Stock market today: World shares are mostly higher as Bank of Japan keeps its lax policy intact


Asian shares mostly advanced on Wednesday after Wall Street ticked higher amid hopes that Japan’s moves to keep interest rates easy for investors could augur similar trends in the rest of the world.

U.S. futures rose while oil prices were virtually unchanged after two days of gains.

Building on gains from Tuesday, Tokyo’s Nikkei 225 index surged 1.8% to reach 33,799.41 despite Japan experiencing a slight decline in its export performance for the first time in three months in November, a worrisome slowdown for the world’s third-largest economy.

Exports to China, Japan’s biggest single market, fell 2.2%, while shipments to the U.S. rose 5.3% from a year earlier. Total imports fell nearly 12%.

Hong Kong’s Hang Seng index added 1% to 16,669.44 while the Shanghai Composite index lost 0.4% to 2,920.63 after China kept its benchmark lending rates unchanged at the monthly fixing on Wednesday.

The S&P/ASX 200 in Sydney gained 0.6% to 7,533.90, while South Korea’s Kospi was 1.4% higher to 2,603.85. Bangkok’s SET rose 0.6%, and India’s Sensex climbed 0.3%.

On Wall Street, the S&P 500 rose 0.6% to 4,768.37, just 0.6% shy of its record set nearly two years ago. The Dow Jones Industrial Average gained 0.7% to 37,557.92, setting a record for a fifth straight day, while the Nasdaq composite climbed 0.7% to 15,003.22.

Enphase Energy jumped 9.1% for the biggest gain in the S&P 500 after the maker of microinverters for the solar industry told employees it will cut 10% of its global workforce and make other streamlining changes. Stocks of oil-and-gas companies also pushed the market higher after crude prices recovered some of their sharp drops from recent months.

The S&P 500 has rallied more than 15% since late October on hopes that a similar, easier approach to interest rates may soon be arriving on Wall Street.

With inflation down from its peak two summers ago and the economy still growing, the rising expectation is for the Federal Reserve in 2024 to pivot away from its campaign to hike interest rates dramatically.

The hope is the Fed can pull off what was earlier seen as a nearly impossible tightrope walk, by first getting inflation under control through high interest rates and then cutting rates before they push the economy into a recession.

A report on Tuesday showed the housing industry appears to be in stronger shape than expected. Homebuilders broke ground on many more homes in November than expected, roughly 200,000 more at a seasonally adjusted annualized rate.

Wall Street’s big recent moves also have critics saying the rally looks overdone.

Some Fed officials have been sounding more cautious about the prospect for rate cuts since Powell’s comments last week. On Friday, for example, the president of the Federal Reserve Bank of New York said it was “premature to be even thinking” about whether to cut rates in March.
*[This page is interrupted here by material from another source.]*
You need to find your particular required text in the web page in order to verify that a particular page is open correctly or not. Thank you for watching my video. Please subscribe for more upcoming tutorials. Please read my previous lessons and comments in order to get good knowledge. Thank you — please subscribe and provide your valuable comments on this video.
In the bond market, the yield on the 10-year Treasury slipped to 3.92% from 3.94% late Monday. It was above 5% in October, at its highest level since 2007 and putting tremendous downward pressure on the stock market.

Elsewhere on Wall Street, shares of Tylenol maker Kenvue rose 2.2% following a favorable ruling for it in federal court. The company wanted to exclude the opinions of experts in a multijurisdictional against it on whether in-utero exposure to acetaminophen, the pain reliever used in Tylenol, could lead to autism or attention deficit disorder.

Judge Denise Cote of U.S. District Court for the Southern District of New York agreed with Kenvue, ruling Monday that the testimony was inadmissible.

In other dealings, U.S. benchmark crude oil was unchanged at $73.94 per barrel in electronic trading on the New York Mercantile Exchange. Brent crude, the international standard, dropped 8 cents to $79.15 per barrel.

The U.S. dollar retreated to 143.69 Japanese yen from 143.82 yen. The euro fell to $1.0971 from $1.0980.